Binet believed that the Binet-Simon scale was simply a measure of a child's ability to perform specific tasks at a particular moment in the student's life. He felt that intelligence was too complex to be defined by a single number, and he warned against efforts to attach greater meaning to the results. Despite those warnings, in the United States Henry Goddard used the tests to identify levels of "feeblemindedness," and was convinced that these scores were reliable indicators of intelligence.
In the spring of 1913, Goddard decided to prove the effectiveness of the test by sending two field workers to Ellis Island in New York harbor, the entry point for most immigrants. The two workers were told to "pass by the obviously normal" immigrant and choose individuals from the great mass of "average immigrants" for testing. They selected 35 Jews, 22 Hungarians, 50 Italians, and 45 Russians. Based on the results of those tests, Goddard claimed that 80 percent of the Hungarians, 79 percent of the Italians, 87 percent of the Russians, and 83 percent of the Jews were "feebleminded."

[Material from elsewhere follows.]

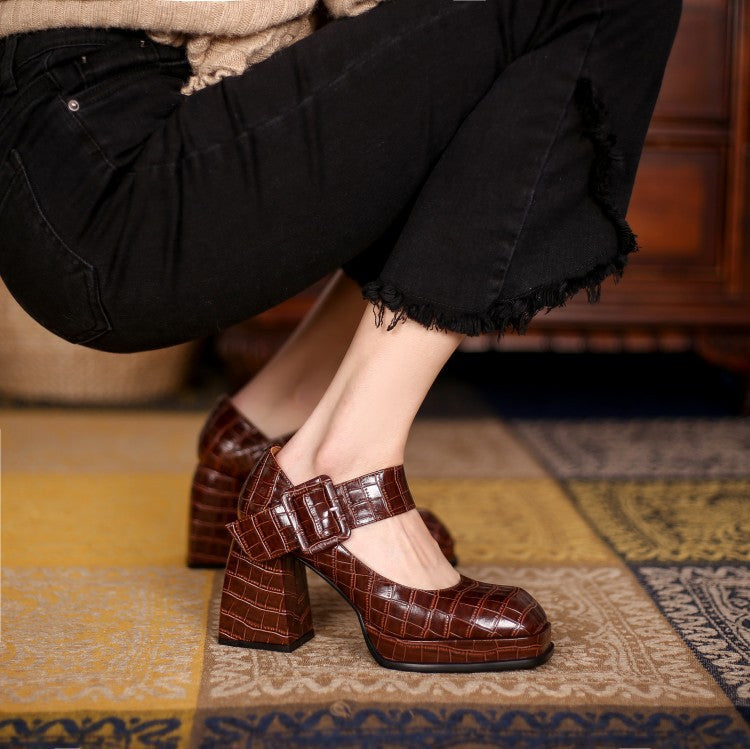 Embossed Cowhide High Heels Women's Thick Heel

2By 1917, IQ tests were being administered by people like Goddard and Lewis Terman. Data was being accumulated and results were being analyzed. But it wasn't until Robert M. Yerkes, a Harvard Psychologist, joined the team and took the tests to the United States Army, that IQ Testing on a mass level was born. Yerkes and his staff administered the test to approximately 1.75 million recruits and the data they accumulated provided powerful fodder for eugenics propaganda, and had a profound effect on social policy.